There is no rational artistic reason why it’s in black and white, and this video is a poster child for why some people believe in the principle of artistic economy, which is, if you don’t have any ideas at all about what you are doing with the camera (or mic, or paintbrush, or keyboard), replace artistry with volume or quantity. Go up to 11. Or, In this case, have the camera swoop back and forth and up and down and left and right and in and out, for no reason whatsoever other than to make it appear that you are doing something with the camera to make this production visually interesting.

There are moments when the musicians appear to be out of sync. There are even moments where they appear to be hamming it up. Could be that an editor dumped in a few shots taken out of sequence just for effect. Or there were dubs.

“A Black & White Night” is well recorded. Too well-recorded. I am convinced it was dubbed, though every effort appears to have been made to make it appear to be a live recording. You would think that nowadays it would be easy to find out the truth: it’s not. I’ve been searching the internet and all I can find it indirect references to it and drippy, adoring reviews by slavish worshippers of Roy Orbison.

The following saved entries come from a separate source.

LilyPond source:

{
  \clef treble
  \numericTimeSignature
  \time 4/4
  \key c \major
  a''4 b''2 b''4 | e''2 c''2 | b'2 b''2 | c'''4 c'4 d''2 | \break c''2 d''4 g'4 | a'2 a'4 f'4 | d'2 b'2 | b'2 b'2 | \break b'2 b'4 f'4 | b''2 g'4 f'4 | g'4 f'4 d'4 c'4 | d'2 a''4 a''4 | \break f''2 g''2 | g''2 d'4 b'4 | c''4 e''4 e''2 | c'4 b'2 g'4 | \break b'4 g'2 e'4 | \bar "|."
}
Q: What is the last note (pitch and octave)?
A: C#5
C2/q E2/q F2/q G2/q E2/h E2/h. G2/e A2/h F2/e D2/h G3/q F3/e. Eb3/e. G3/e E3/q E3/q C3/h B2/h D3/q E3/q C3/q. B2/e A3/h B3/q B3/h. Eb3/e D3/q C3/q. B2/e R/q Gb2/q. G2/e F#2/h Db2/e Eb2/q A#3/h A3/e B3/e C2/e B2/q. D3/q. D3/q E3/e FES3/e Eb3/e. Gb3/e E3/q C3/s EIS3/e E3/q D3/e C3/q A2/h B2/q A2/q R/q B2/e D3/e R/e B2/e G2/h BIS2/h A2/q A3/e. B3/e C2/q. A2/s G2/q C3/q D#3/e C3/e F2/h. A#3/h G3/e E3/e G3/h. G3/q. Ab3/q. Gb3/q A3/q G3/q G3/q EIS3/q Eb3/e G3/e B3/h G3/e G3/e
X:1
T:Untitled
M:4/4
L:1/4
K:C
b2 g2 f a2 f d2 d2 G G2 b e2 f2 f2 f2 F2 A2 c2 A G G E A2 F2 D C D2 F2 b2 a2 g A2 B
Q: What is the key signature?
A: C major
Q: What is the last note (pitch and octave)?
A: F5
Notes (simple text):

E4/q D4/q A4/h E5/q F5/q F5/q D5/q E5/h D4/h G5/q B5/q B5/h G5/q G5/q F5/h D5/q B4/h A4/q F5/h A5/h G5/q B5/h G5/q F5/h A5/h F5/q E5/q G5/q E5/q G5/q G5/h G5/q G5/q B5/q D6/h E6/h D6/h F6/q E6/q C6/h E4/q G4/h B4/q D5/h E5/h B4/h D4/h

Let’s keep that straight: I am an admirer of Orbison but here it is: Orbison is a truly great but one-dimensional romanticist whose work has limited importance. He was the master of the paranoid, masochistic, break-up song, in which the pain of the loss is elevated to a near hysterical embrace of spiritual and emotional suffering.

You might be surprised that this mode can only go so far.

Only the lonely
Know the way I feel tonight

Yes, those opening lines, the black suit, the sunglasses– truly magnificent.

But a lot of his early success may well have been due to arranger Fred Foster at Monument Records (where Orbison recorded from 1959 to 1965). After Foster left, Orbison rarely charted, until his return during the nostalgia craze in the 1980’s.

But, like Elvis and Michael Jackson, he was a pop star, and never more than that, and he doesn’t belong in the category of the truly visionary, brilliant minds that made rock music worth paying attention to, and made it more relevant and interesting than any other musical style in the past fifty years.

People who tell you the contrary just want to believe that a facile adoration of the sound of a voice is just as valid as an intelligent grasp of the fundamentals of music and idiom and lyric and melody and arrangement in terms of judging a musical performance.


Obscure note: like Elvis, Roy Orbison died on the toilet.

You really should see the performance of “Crying”, in Spanish, in David Lynch’s “Mulholland Drive”.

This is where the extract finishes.